Physics of Bowling - the Friction Factor

As the bowling ball rolls down the lane, it will naturally decrease in speed. Just like a car when you let off the gas, eventually it will come to a stop. So why does the bowling ball slow down?

Friction is what causes the ball to slow as it spins toward the pins. When the ball hits the lane, friction immediately comes into play.

Still, there are other issues of the lane that will affect the friction factor. For example, the tension of the floor and the amount of oil on the lane have a lot to do with the friction.

Also, the amount of force that the ball is thrown at and the height at which the ball is released can increase or decrease the force of friction when on the lane. One way to reduce the friction is release the ball close to the floor. The force of friction is how the ball travels down the lane.

The ball reduces speed as it travels down the lane. The fastest travel rate of the ball is when the player releases it. When the player releases the ball, it is usually traveling anywhere from 17 to 25 miles per hour.

If the ball were traveling at 25 miles an hour, it would be considered at the fastest rate of the average ball speed. The average is going to fall in between the 17 and 25 miles per hour.

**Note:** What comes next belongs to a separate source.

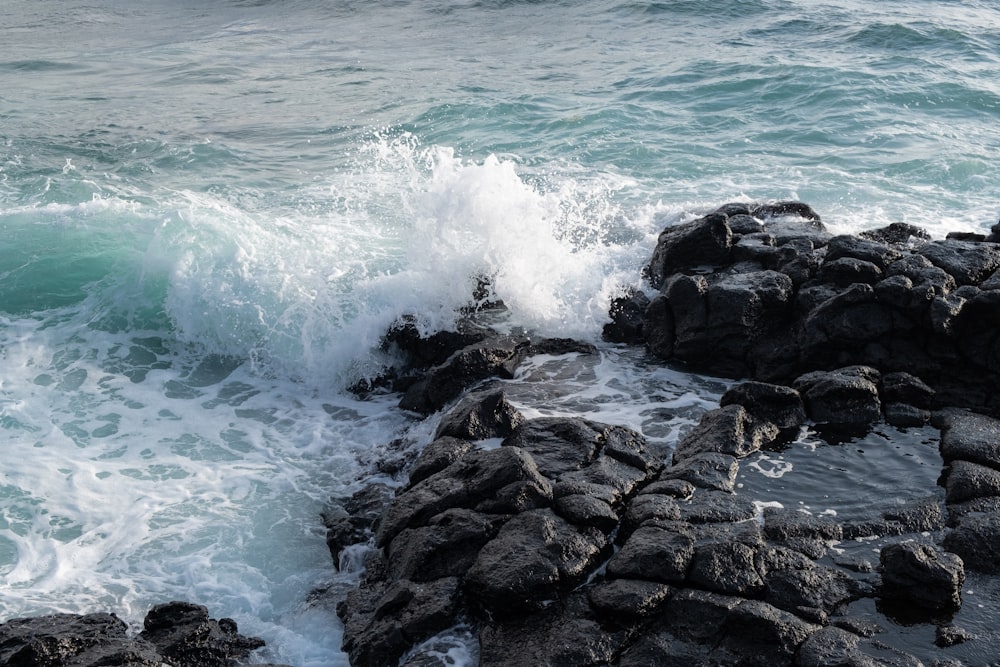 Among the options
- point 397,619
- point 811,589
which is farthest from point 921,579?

One would assume that the ball would travel faster if the lane is highly oiled, but this is not the case. The ball will actually be slowed down if the lanes are overly oiled or have not been oiled enough. The oil amount has a lot to do with the amount of friction between the lane and the ball. The average ball will slow between 2.5 and 3 miles per hour as it travels to the pins under imperfect lane conditions.

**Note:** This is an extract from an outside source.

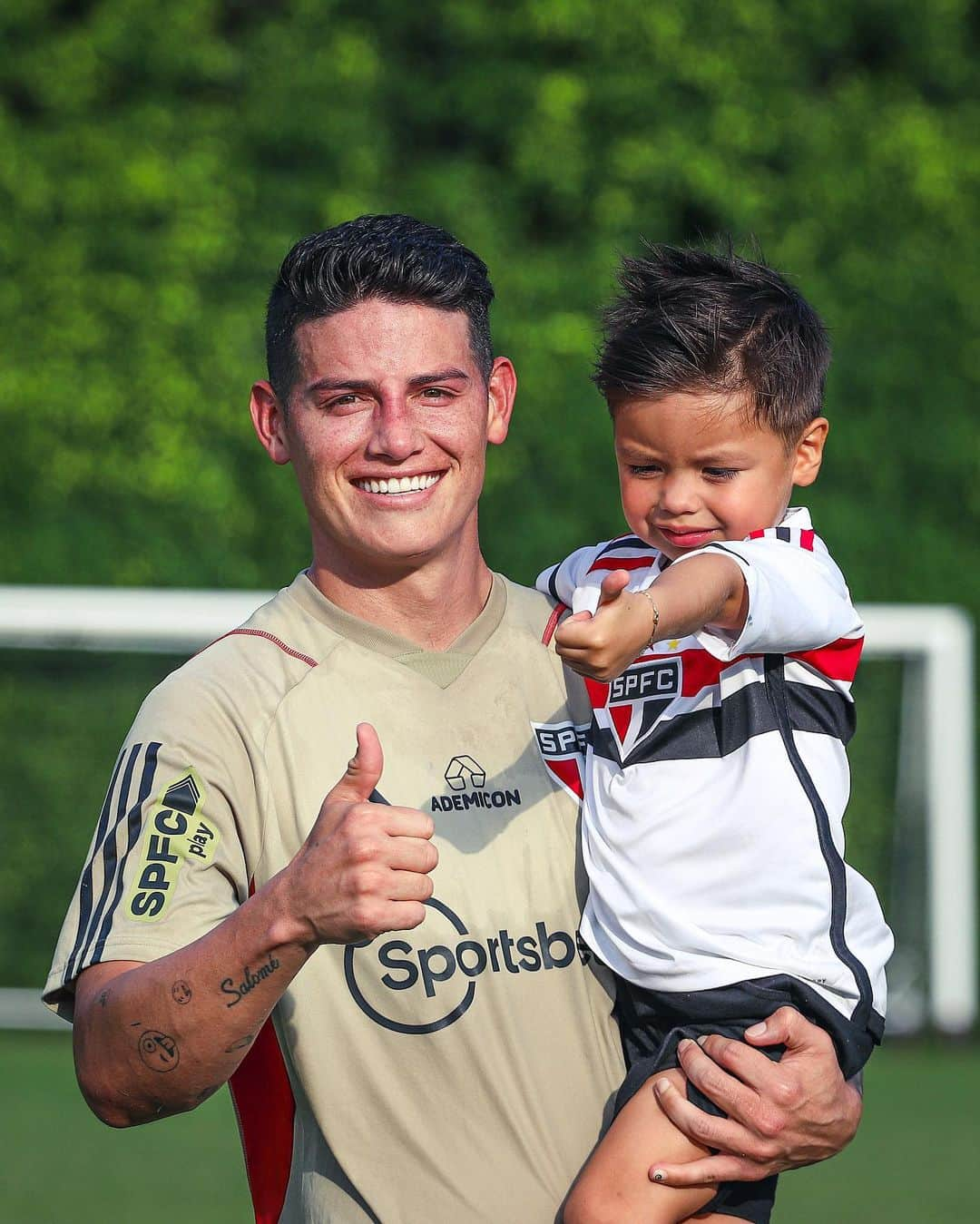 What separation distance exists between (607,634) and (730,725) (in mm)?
520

If you would like to calculate your ball speed, here is how:

You will need a stopwatch. Have your partner start the stopwatch as soon as the ball hits the lane. This may be a bit tricky so you will want to do this a couple of times to ensure that you correctly start the stopwatch as soon as the ball leaves the player's hand. You can stop the watch as soon as the ball comes in contact with the first pin.

In order to calculate the speed, you will need to divide the distance by the time. Since we know there is 60 feet from the foul line to the pins, we would take 60 and divide it by whatever our time on the stopwatch is.

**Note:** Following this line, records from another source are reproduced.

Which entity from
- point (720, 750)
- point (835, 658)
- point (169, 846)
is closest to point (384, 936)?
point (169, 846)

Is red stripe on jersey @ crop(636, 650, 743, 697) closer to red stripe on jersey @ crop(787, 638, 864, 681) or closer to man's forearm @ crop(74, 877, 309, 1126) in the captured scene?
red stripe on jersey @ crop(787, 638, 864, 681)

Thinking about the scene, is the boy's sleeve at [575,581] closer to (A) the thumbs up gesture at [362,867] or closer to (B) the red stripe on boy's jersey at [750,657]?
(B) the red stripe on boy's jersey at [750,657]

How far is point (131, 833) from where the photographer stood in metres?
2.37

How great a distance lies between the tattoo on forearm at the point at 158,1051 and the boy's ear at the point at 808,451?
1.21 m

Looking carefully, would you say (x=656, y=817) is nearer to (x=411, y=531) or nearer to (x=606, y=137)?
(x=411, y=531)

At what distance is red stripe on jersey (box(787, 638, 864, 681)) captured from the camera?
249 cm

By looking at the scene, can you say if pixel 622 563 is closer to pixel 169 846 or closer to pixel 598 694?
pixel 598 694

For example: 60/4 = 15 feet per second.

As you progress in your bowling game, your ball will lift some of the oil on the lane and cause some places on the lane to become drier than others. When this happens it can cause your bowling techniques to change. It also makes the sport challenging.

If the ball hits the drier spots, it can cause the ball to hook, leaving you with missed pins. So in order to rectify this situation, you will probably need to learn how to read lane conditions and make adjustments to your playing techniques.